Acordam no Supremo Tribunal de Justiça AA intentou a presente acção, com processo ordinário, contra “BB, L.DA ”, pedindo que sejam declaradas nulas ou anuladas as deliberações sociais da Ré tomadas na assembleia-geral de 19 de Junho de 2010, por via das quais foi deliberado aumentar o capital social da Ré para 400.000,00 euros, subscrito unicamente pelo sócio CC, e a subsequente alteração do artigo 3.º do contrato de sociedade e, em consequência, que sejam declarados nulos ou anuláveis todos os efeitos e todos os actos praticados em resultado dessas deliberações, ordenando-se, em conformidade, o cancelamento dos registos que vierem a ser feitos na Conservatória do Registo Comercial com base em tais deliberações.

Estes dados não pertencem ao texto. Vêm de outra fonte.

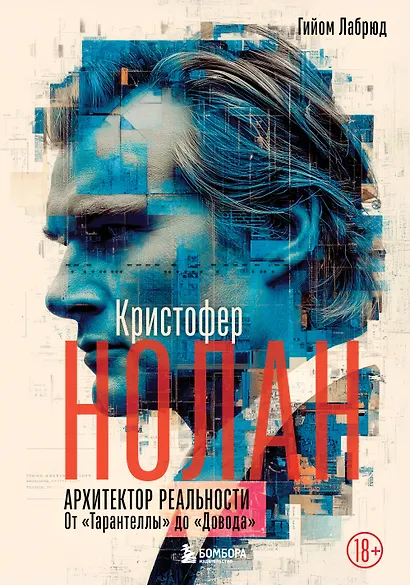 Кристофер Нолан. Архитектор реальности. . От "Тарантеллы" до "Довода"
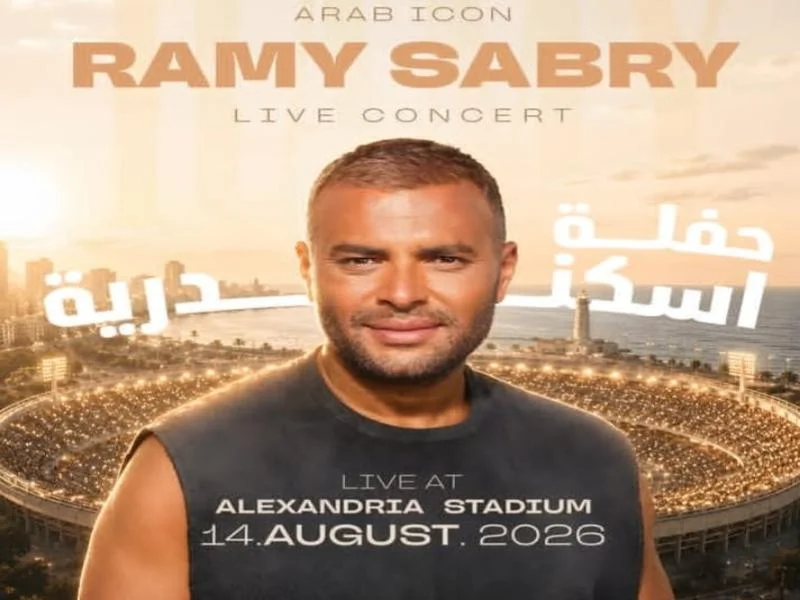 رامي صبري يعلن عن حفله المرتقب في الإسكندرية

Alega, para o efeito, que o aviso convocatório era enganador, sugerindo que o capital poderia ser elevado para o montante de 3. 500.000,00 euros, com entradas em dinheiro, não constando do mesmo que o aumento para tal montante seria subscrito pelos sócios que o quisessem fazer apenas pelo montante de 291.666,67 euros, desconhecendo, assim, os mesmos qual o montante para que se pretendia aumentar o capital social. Aquilo que deveria constar da convocatória ficou dependente do arbítrio do presidente da assembleia-geral, o qual só esclareceu depois da votação e, assim, subscreveu o montante que quis, o que lhe permite de futuro dominar a sociedade com a maioria absoluta do capital. O aviso convocatório mencionava coisa diferente daquela que se fez constar na acta. Por outro lado, o aumento do capital social não foi aprovado por 75% das quotas que integram o capital social, conforme se exige no pacto social e na lei, uma vez que foram admitidos a votar sócios que já haviam transmitido (ilegalmente) as suas quotas a outros.

Finalmente, as deliberações foram tomadas em manifesto prejuízo da sociedade e dos demais sócios, visando criar condições para que apenas o sócio CC pudesse subscrever o aumento de capital e desse modo ficar numa posição de vantagem relativamente aos demais sócios, pois foi ele quem fixou na assembleia-geral o valor do aumento do capital, sem que constasse da convocatória, estando as mesmas inquinadas de ofensa aos bons costumes, sendo, por isso, nulas. As deliberações foram tomadas com abuso de direito, uma vez que foram aprovadas contra o interesse e o pacto social da Ré e a favor do interesse individual do sócio CC, pelo que as deverão ser declaradas nulas porque contrárias à lei.

A Ré contestou alegando que o aviso convocatório obedeceu a todos os requisitos legais, uma vez que os sócios foram informados da intenção de proceder ao aumento do capital social e do montante previsto para este, sendo certo que a própria lei explicita a forma de repartição entre os sócios do aumento do capital social. A divergência entre o texto do aviso e o correspondente texto da acta deve-se a mero lapso de escrita que em nada afecta os sócios. Por outro lado, devolveu-se aos cedentes o exercício do direito de voto, uma vez que os cessionários das quotas, DD e EE, estavam impedidos de exercer tal direito por força de decisão judicial. Porém, tal impedimento resulta também da lei. De facto, os sócios FF e GG cederam as suas quotas sem o consentimento da sociedade, não produzindo, por isso, qualquer tipo de efeito perante a sociedade, sendo válido o voto por eles expresso na assembleia-geral. Alega, ainda, que todos os sócios tiveram a mesma oportunidade de exercer o seu direito de preferência no aumento do capital social, pelo que a intenção alegada pelo Autor – colocar o sócio CC numa posição maioritária face aos demais sócios – a ser verdadeira, que não é, apenas se concretizou pela omissão daqueles, litigando, nesta parte, o Autor em manifesto abuso de direito, na modalidade de venire contra factum proprium, já que se prevalece de um facto para o qual concorreu, ao não subscrever o capital social.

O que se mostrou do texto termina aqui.